Tehran, Iran, Oct. 27
By Mehdi Sepahvand – Trend:
Notwithstanding their verbal shows of sympathy for Iranian people, US leaders are in action helping the domination of a single political voice in the Islamic Republic.
The Rouhani administration’s investment in a nuclear deal with the world both as a ground for some economic upheaval and a proof that conservatives had been wrong in negating any talks with the West is now feared to prove a recipe for bankruptcy.
When he took power in 2013, President Hassan Rouhani said to end the nuclear dispute as well as unprecedented economic sanctions on Iran, it was better to “hammer things out with the sheriff,” meaning the US. This was a radically bold statement in an Iran which had been at odds with the US since the 1979 revolution.
A day after the implementation of the JCPOA in January 2016, Rouhani praised the achievement by saying: “Today it was proven that our country is in possession of a great power called diplomacy.” He then referred to the deal as a “win-win game” for Iran and the five countries that partook in it.
Foreign Minister Mohammad Javad Zarif, whom a great number of Iranians followed on social media during the nuclear talks and later when he proudly brought home a deal, used to call the conclusion of the JCPOA a “triumph of diplomacy”. “#IranDeal was triumph of diplomacy over coercion. Same start choice for US today, and reminder: old methods produce same old failures,” he tweeted in July 2016, a few months after the JCPOA implementation as Tehran was still hopeful to wring the desired benefits from the deal.
After the lifting of sanctions, companies from all the JCPOA signatories and elsewhere started pushing for promotion of economic ties with Iran, sometimes striking multi-billion-dollar deals with Tehran. The United States remained an exception.
Despite this and moves to pose new sanctions on Iran, US officials have been bemoaning what they represented as the fate of the Iranian nation, which, according to them, is wronged by its ruling power.
Secretary of State Rex Tillerson on Wednesday said Washington's "fight is not with the Iranian people," but with what he described as "the revolutionary regime."

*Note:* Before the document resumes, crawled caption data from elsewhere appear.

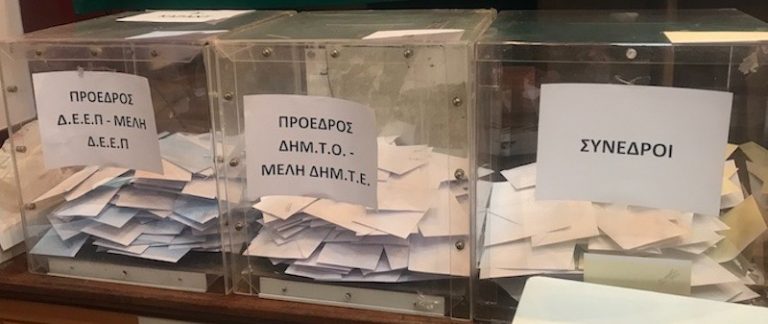 Eκ νέου Πρόεδρος ο Βασίλης Σταθακάρος στη ΔΗΜ.Τ.Ο. Ν.Δ. Αιγιάλειας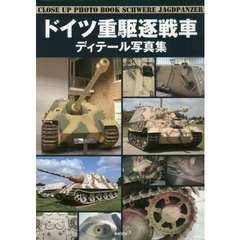 ドイツ重駆逐戦車ディテール写真集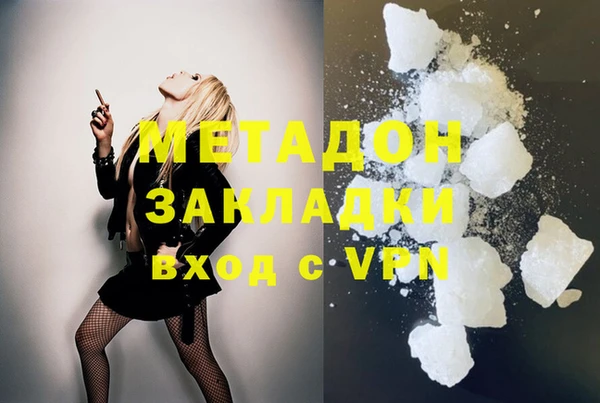 марки lsd Абаза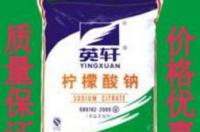 柠檬酸钠的用途？ 工业柠檬酸钠的作用和用途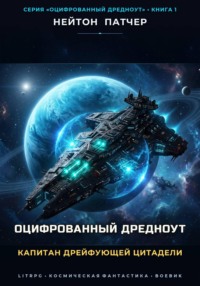 Оцифрованный Дредноут: Капитан дрейфующей цитадели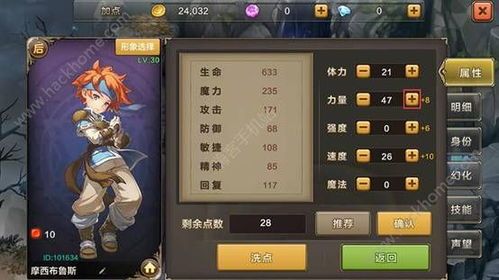 魔力怀旧 加点,探寻经典游戏背后的时代记忆与情感共鸣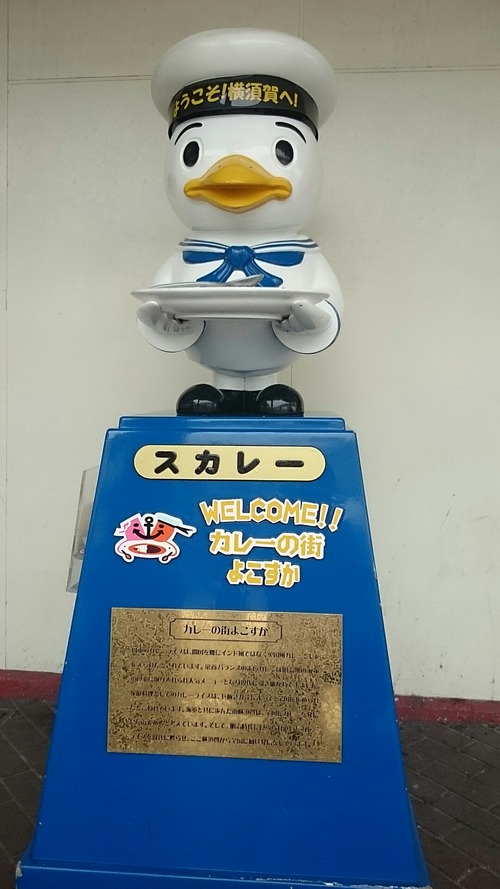 スカレー カレーの街よこすか 横須賀駅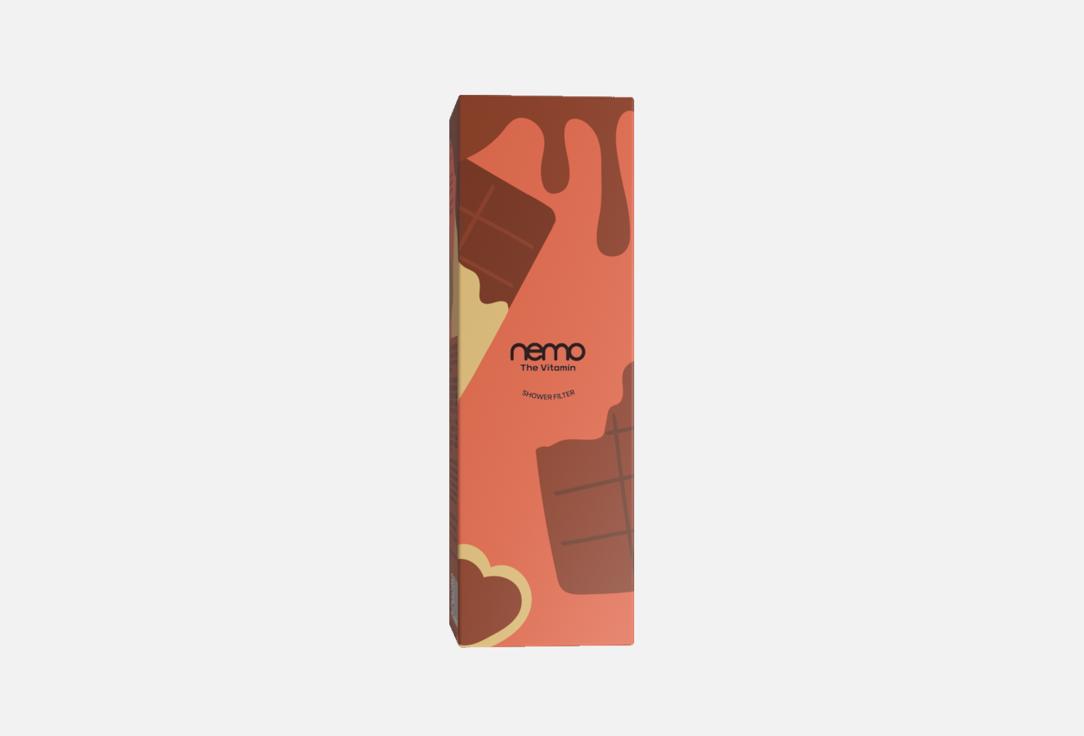 Nemo Vitamin Shower filter Melting chocolate 160 g Nemo Vitamin Shower filter Melting chocolate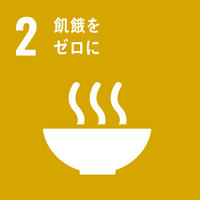 SDGS2.飢餓をゼロに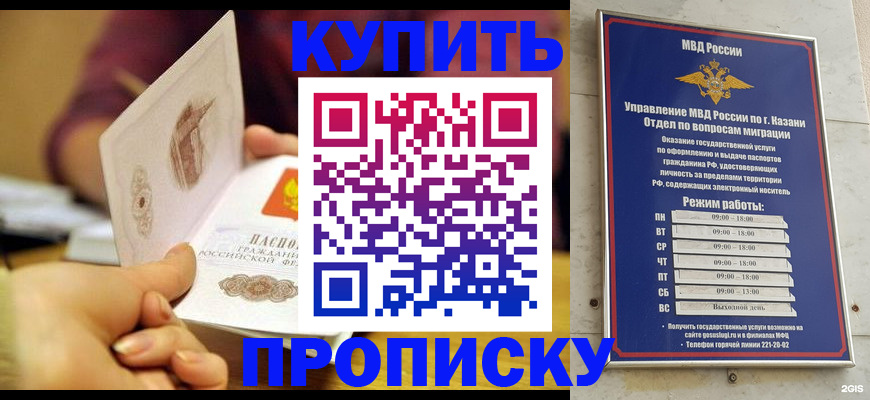 временная регистрация госуслуги в Пермской области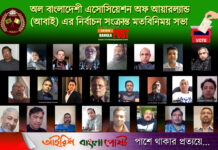 অল বাংলাদেশী এসোসিয়েশন অফ আয়ারল্যান্ড (আবাই) এর নির্বাচন সংক্রান্ত মতবিনিময় সভা অনুষ্ঠিত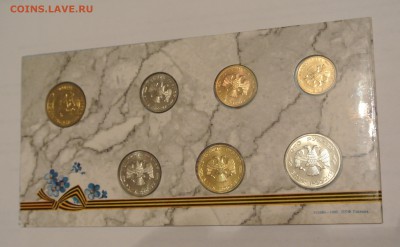 Набор 50 лет Победы, 1995 год Оценка - 50-3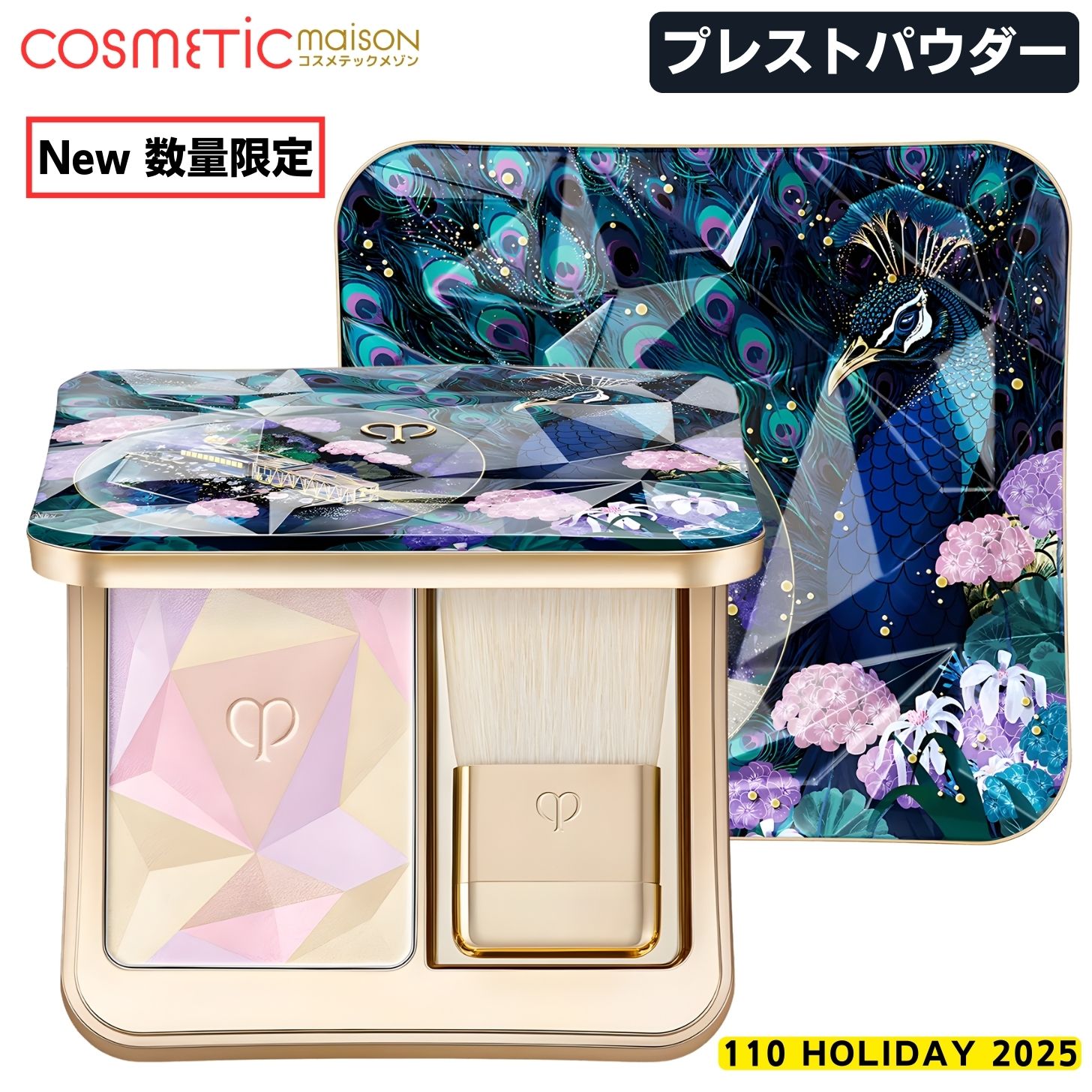 2025クリスマスコフレ クレドポーポーテ ル、デオスールエクラ110 ル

"We know there are strong feelings and values inside of Iran that we want to promote in terms of one day the Iranian people being able to retake control of their government," the US top diplomat said.
In similar remarks during his Iran strategy announcement on October 13, President Donald Trump also feigned sympathy with Iranian people, saying the ruling class in Iran “has raided the wealth of one of the world’s oldest and most vibrant nations”.
Notwithstanding such remarks, probably meant with the best intention to sooth the Iranian people’s dismay in a diplomatic approach to the US, Washington’s political measures against Iran have created a quality in the Iranian people’s mindset quite different than what the White House wishes to do by words.
As the US is venting more and more pressure on Iran, conservatives who have for decades been saying America is not trustworthy, are now becoming once more the focus of attention as sages of Iran. The most recent move by the House of Representatives to pose new sanctions on Iran has completely driven to the margin the reform-minded Iranians who hoped talks with world powers, besides ending tension over the nuclear program, would give the conservatives some reason to trust diplomacy and international pacts.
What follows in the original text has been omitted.